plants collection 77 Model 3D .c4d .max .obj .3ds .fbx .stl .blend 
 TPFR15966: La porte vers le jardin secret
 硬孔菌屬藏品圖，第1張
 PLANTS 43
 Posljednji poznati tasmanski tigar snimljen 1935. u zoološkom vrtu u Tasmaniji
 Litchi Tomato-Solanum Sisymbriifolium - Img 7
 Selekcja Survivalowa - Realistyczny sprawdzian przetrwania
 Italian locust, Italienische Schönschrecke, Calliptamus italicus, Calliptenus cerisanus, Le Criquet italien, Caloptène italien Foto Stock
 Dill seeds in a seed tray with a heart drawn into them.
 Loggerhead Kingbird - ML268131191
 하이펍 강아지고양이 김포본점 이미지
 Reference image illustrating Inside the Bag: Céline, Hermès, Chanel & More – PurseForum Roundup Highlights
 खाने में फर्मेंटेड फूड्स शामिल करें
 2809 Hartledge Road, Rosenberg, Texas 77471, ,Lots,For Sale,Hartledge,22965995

*What you are asked to do*: Above are some records; copy exactly the lines from the one with "TPFR15966: La porte vers le jardin secret" through the one with "Reference image illustrating", both included, and no others.

*Answer to the exercise*:
 TPFR15966: La porte vers le jardin secret
 硬孔菌屬藏品圖，第1張
 PLANTS 43
 Posljednji poznati tasmanski tigar snimljen 1935. u zoološkom vrtu u Tasmaniji
 Litchi Tomato-Solanum Sisymbriifolium - Img 7
 Selekcja Survivalowa - Realistyczny sprawdzian przetrwania
 Italian locust, Italienische Schönschrecke, Calliptamus italicus, Calliptenus cerisanus, Le Criquet italien, Caloptène italien Foto Stock
 Dill seeds in a seed tray with a heart drawn into them.
 Loggerhead Kingbird - ML268131191
 하이펍 강아지고양이 김포본점 이미지
 Reference image illustrating Inside the Bag: Céline, Hermès, Chanel & More – PurseForum Roundup Highlights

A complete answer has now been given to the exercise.